Rule #637 for women who blog who want to be taken seriously - that is, to not be referred to as 'narcissistic brainless lactating cows' - is, apparently, this: do not have mental breakdown and threaten to quit blogging or take vacation from blogging or enter blogging rehab somewhere in Arizona or whatever.* Presumably because if you don't have the balls to keep blogging when you're feeling mentally and/or emotionally whipped, it just goes to prove that you don't have balls, period.

I'm not quitting blogging. I may not have balls - not the real, hairy, dangly kind, anyway - but I am attached to this here enterprise and have no intention of letting it go. I may, however, need to take a vacation. I'm just so tired. Caring for baby and toddler (is she a pre-schooler now? I can't keep track) while endeavoring to stay sane is draining all of my energies, and writing, while still necessary, is getting harder each day. That, and I have something big, something life-changing, that I need to write about, but I need my strength and my wits to do so, and those are well-depleted right now. I need to shore up my reserves. I need to feel strong. I need a rest.

I haven't decided whether or how I'll finesse that vacation. Maybe I don't actually need one. Maybe I'll just wake up feeling better and stronger tomorrow and it will all be unnecessary. Maybe the meds will kick in. Just know that if you turn up here one of these days and the smiling words that greet you are not my own, it's because I'm happily napping somewhere, blissfully unconcerned about my balls, or lack thereof.
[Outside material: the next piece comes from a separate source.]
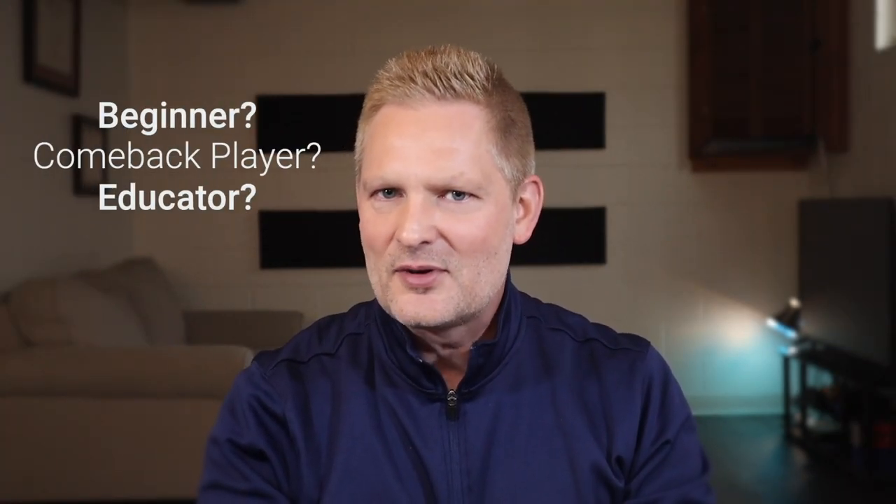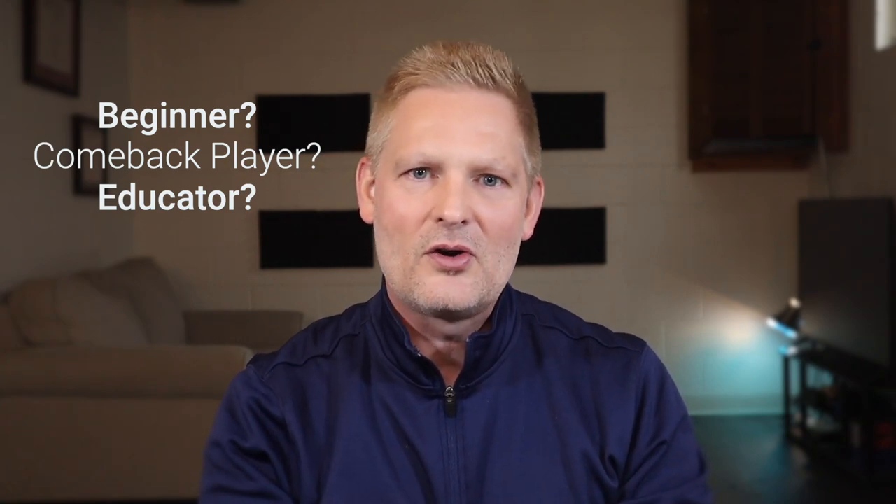Hi and welcome to your very first trumpet lesson. I would argue that this lesson is the most important lesson you will ever have as an aspiring trumpeter. If you don't get started correctly, it can be a very frustrating process. Whether you've just picked up a trumpet for the very first time, or you're a comeback player, or a music educator that teaches beginning trumpet, this video is for you. Stick around to the end as I'll show you the proper way to make your very first sounds.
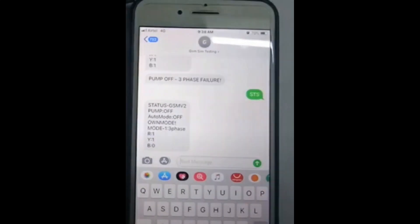These are the confirmation SMS when 3-phase is present. Thank you for watching.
HBF has a message for all of you who left sexy birthday messages and saucy virtual trinkets for him: he's into you, if that's what you're into.

*actual statement from actual troll-like creature writing from underneath the bridge. I refuse to link to him. He'll eat your goats. Please to avoid.

Monday, August 4, 2008

Some Days...

... it's just a bit too much, you know? You're tired, so tired, and you're having trouble staying on top of everything and that's really hard to cope with and, also, you keep having these spells where you tilt and list and the ground seems to shift beneath your feet and you're not in California so you know it's not some nice old predictable earthquake, it's just you and your predictable response to stress and exhaustion and a steady diet of cinnamon buns and decaf. Oh, and the demands of an infant and a toddler. Who are trying to kill you. In the loveliest way, of course, but still.

And then your stupid blogging platform refuses to post the photo that was going to make it all okay, and you just go fuck this.

You're going to have to start all over again tomorrow.